Jeanne Faulconer, Director of Brave Writer’s Homeschool Alliance, said to me recently that homeschooling is more than an education for kids. It’s a life-practice. It’s a path, a way, a philosophy of living that guides, well, everything while you are living a homeschool life.
I had a bolt of clarity. That’s how I feel about writing. It’s a practice, a process, it’s a way of life for me. Academic writing is important and we teach it, but it’s a subset of the vitality of writing. Writing is self-expression, a chance to engage your own mind and the responses of readers interested in your original thinking.
Homeschooling is the pursuit of knowing, learning, exploring the big bold beautiful world without the pressures of school. (Wow! Reread that sentence.) It’s a chance to nurture intimacy with children, not just marshall them into study habits.

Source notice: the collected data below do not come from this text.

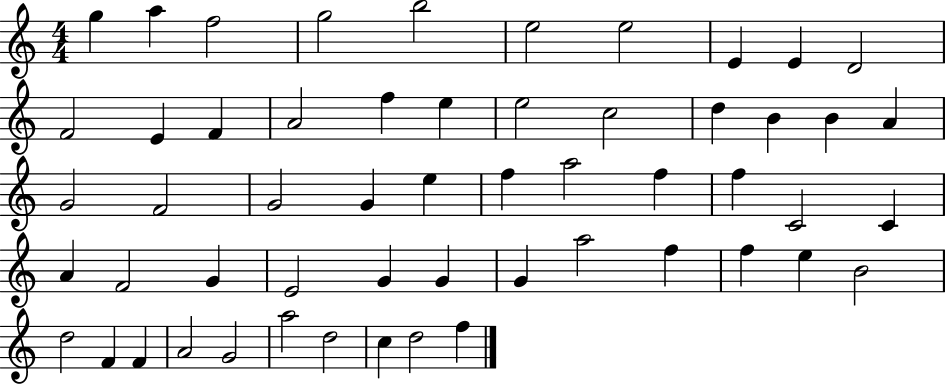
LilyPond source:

{
  \clef treble
  \numericTimeSignature
  \time 4/4
  \key c \major
  g''4 a''4 f''2 | g''2 b''2 | e''2 e''2 | e'4 e'4 d'2 | \break f'2 e'4 f'4 | a'2 f''4 e''4 | e''2 c''2 | d''4 b'4 b'4 a'4 | \break g'2 f'2 | g'2 g'4 e''4 | f''4 a''2 f''4 | f''4 c'2 c'4 | \break a'4 f'2 g'4 | e'2 g'4 g'4 | g'4 a''2 f''4 | f''4 e''4 b'2 | \break d''2 f'4 f'4 | a'2 g'2 | a''2 d''2 | c''4 d''2 f''4 | \break \bar "|."
}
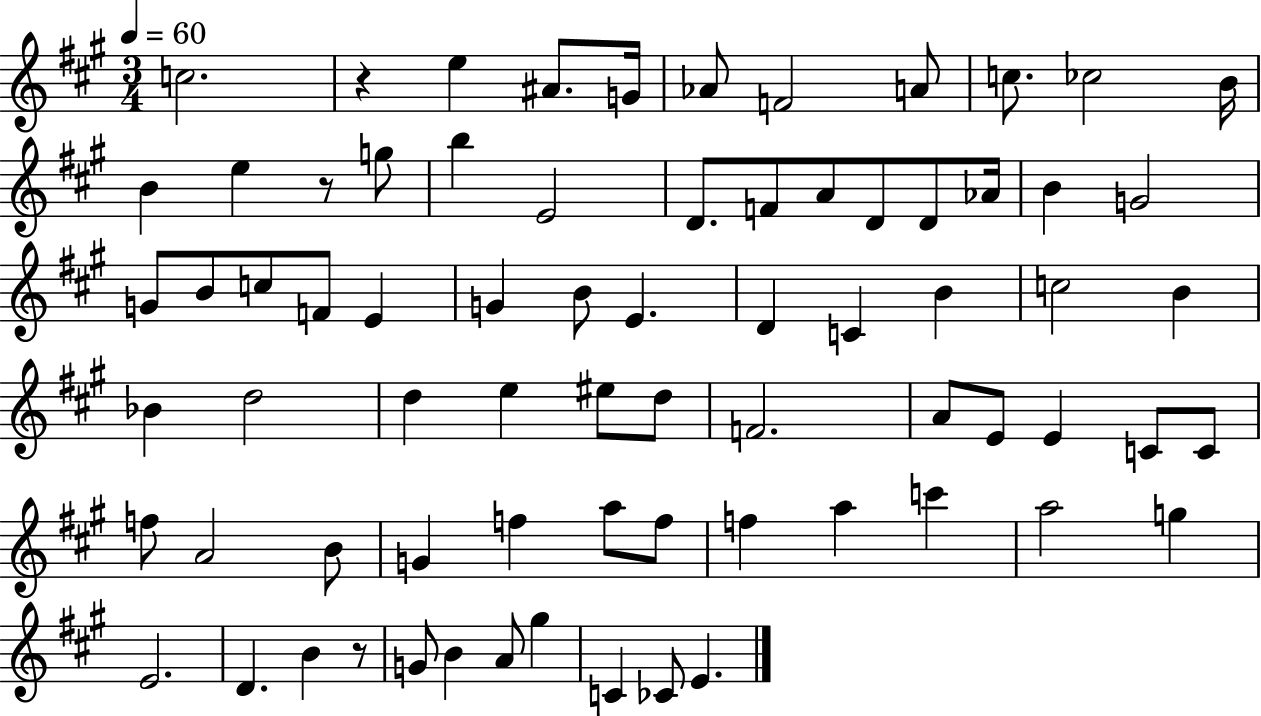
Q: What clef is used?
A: treble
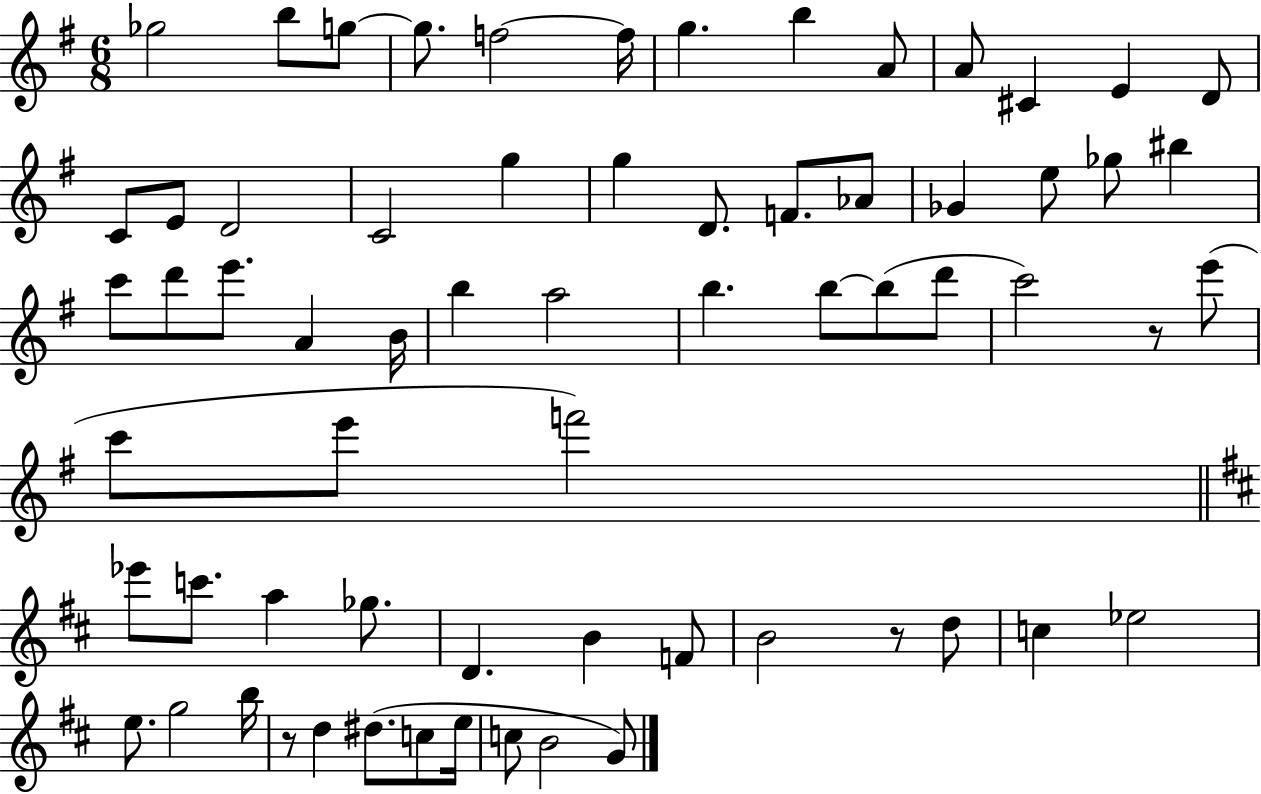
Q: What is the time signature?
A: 6/8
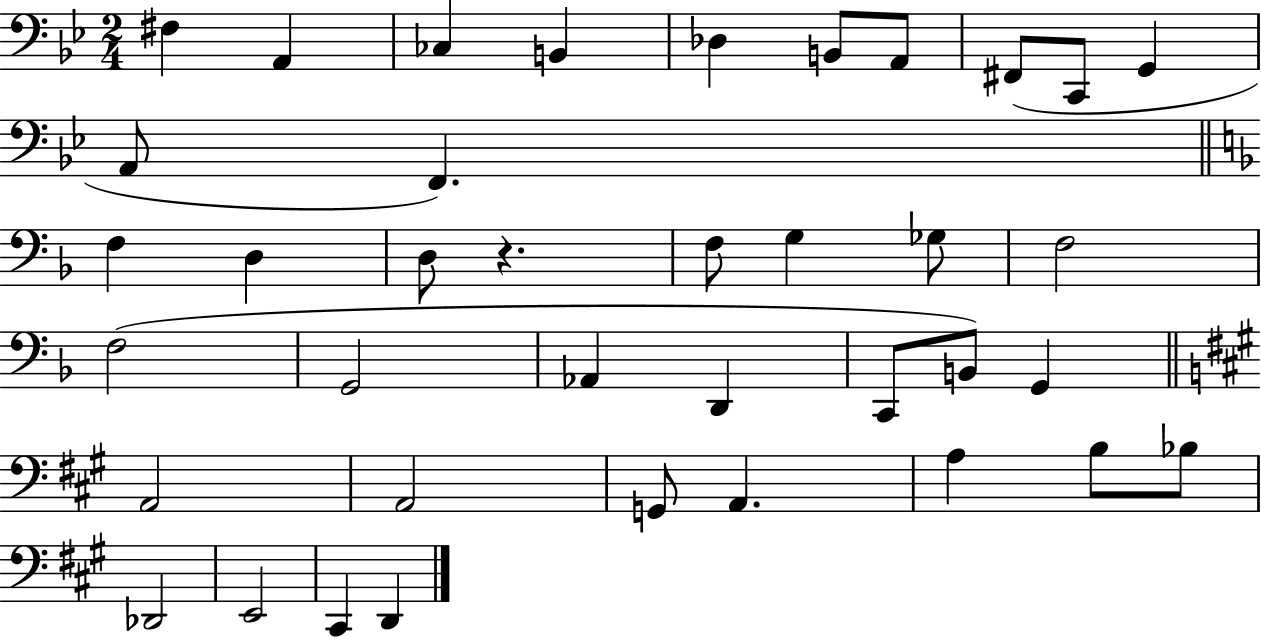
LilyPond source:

{
  \clef bass
  \numericTimeSignature
  \time 2/4
  \key bes \major
  fis4 a,4 | ces4 b,4 | des4 b,8 a,8 | fis,8( c,8 g,4 | \break a,8 f,4.) | \bar "||" \break \key f \major f4 d4 | d8 r4. | f8 g4 ges8 | f2 | \break f2( | g,2 | aes,4 d,4 | c,8 b,8) g,4 | \break \bar "||" \break \key a \major a,2 | a,2 | g,8 a,4. | a4 b8 bes8 | \break des,2 | e,2 | cis,4 d,4 | \bar "|."
}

It’s a way of life because life and learning become one. We’re literally training our own brain chemistry to be curious over correcting, to go for insight over parroting.
We’re not martyrs.
We’re not giving up our adulthood for our kids.
We’re the lucky ones—each day we yield to not knowing yet in pursuit of knowing a little more that means something to someone in our homes. What an adventure!
In hindsight, I can easily say homeschooling let me live my best life. I hope we can help you say the same.